Há mais de 20 anos vivi no interior do Cabo Delgado. Quando, por razões logísticas, aportava em Pemba abancava no bar Viking. Naquele clima de empapar qualquer europeu recém-chegado a arte era cruzar o mata-bicho: nas alvoradas ovos, chouriços de conserva, mais batatas (quando o navio as havia trazido à cidade) fritas e várias Castles, por vezes até já Famous. Aprendi gamão com o John, algumas princesas locais sentavam-se à mesa, connosco bebericando, escandinavas e também escandinavos cooperantes (eram então ali imensos) se seguiam, um ou outro raro patrício surgia para saudar. Depois ia ao correio (então ainda não havia internet) mas nunca tinha cartas, comprava conservas, deixava correr o dia até às noites de Wimbe e no dia seguinte seguia para o “mato”, a aldeia lá bem para além de Montepuez, mochila às costas, machimbombo ou alguma boleia. Num desses mata-bichos que duravam até aquela hora do fim da tarde, ou mesmo à madrugada, decerto que já um bocado trôpego, pedi ao Bagorro que me gravasse uma k7 (sim, daquelas de fita) com esta canção. Eu nunca a ouvira, nem mesmo atentara em Roberto Carlos, o piroso. Mas ali, então, naquela era moçambicana, ele era muito ouvido. Ao balcão do bar esta tocava várias vezes ao dia. Gravou-ma. Calcorreei, naquele calor húmido, dali ao Hotel Cabo Delgado até à baixa da cidade, aquela escadaria abaixo para depois escadaria acima, aos correios e enviei a k7, só assim, com o apenas “O Portão”, àquela que havia sido minha namorada. E que, depois, voltou a sê-lo. E mulher. E mãe da minha filha. Muito tempo depois, um ano talvez, perguntei-lhe se a havia recebido. Que sim, disse-me, e que tinha achado que eu devia estar meio maluco. E bêbedo, acrescentou. Ciente.

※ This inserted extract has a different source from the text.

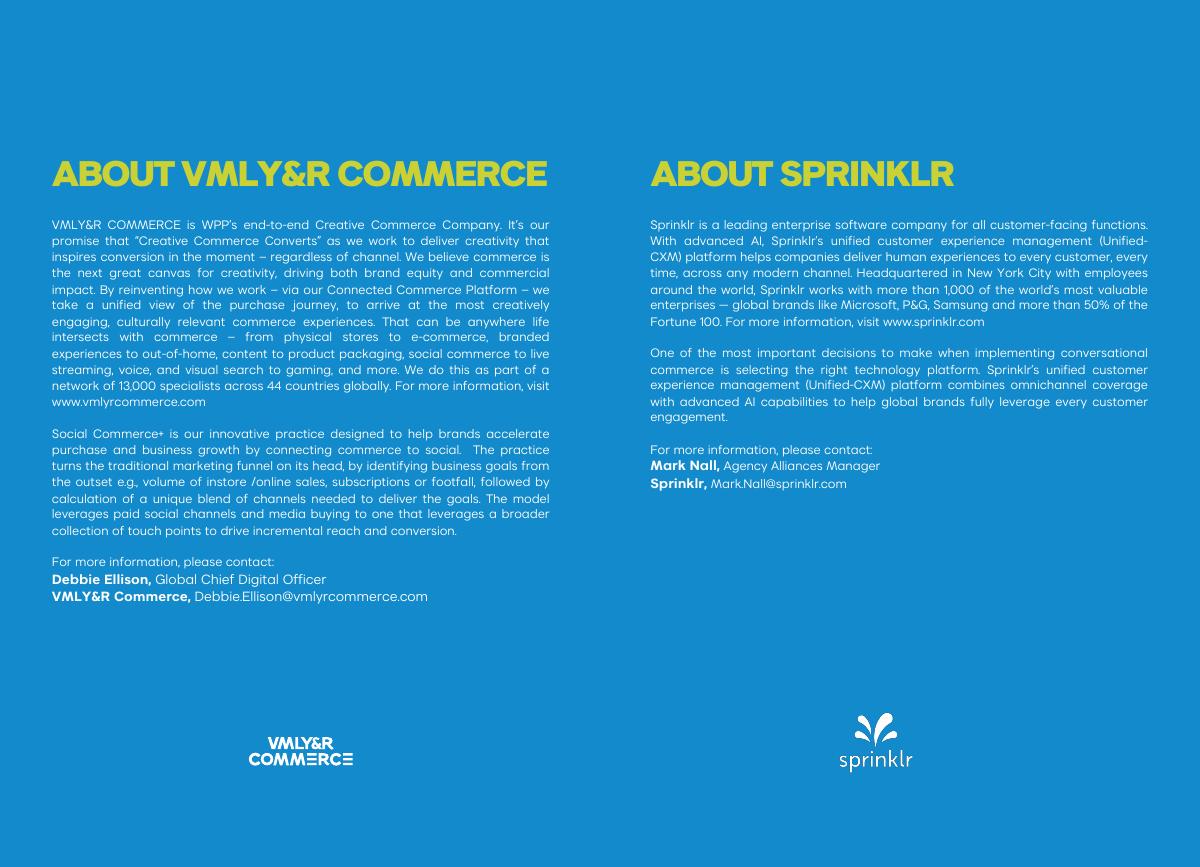 Sprinklr：2022年通过对话式商务加速您的社交销售策略报告（英文版）_第10页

Nunca mais resmunguei com Roberto Carlos – no que aliás sigo os canónicos grandes daquilo da MPB, sempre cultores do “Rei”. E ainda hoje, já mesmo voltado, pois “onde andei não deu para ficar“, eu próprio “amarelado pelo tempo“, trauteio este “Portão” em busca do nunca tido meu “cachorro (que) sorriu latindo“, e de uns quaisquer “braços abertos” pois “voltei para as coisas que aqui deixei … agora para ficar … porque aqui é meu lugar“.
Vem-me esta memória à cabeça quando vejo espalhada uma foto do nosso ministro da cultura – mui fraca figura, é sabido – ministrando, exultante, no concerto do Tony Carreira, o nosso cançonetista romântico. E partilho-a, à historieta, para que fique claro: não é cagança elitista a minha. É mesmo desprezo por tamanha demagogia. Imenso.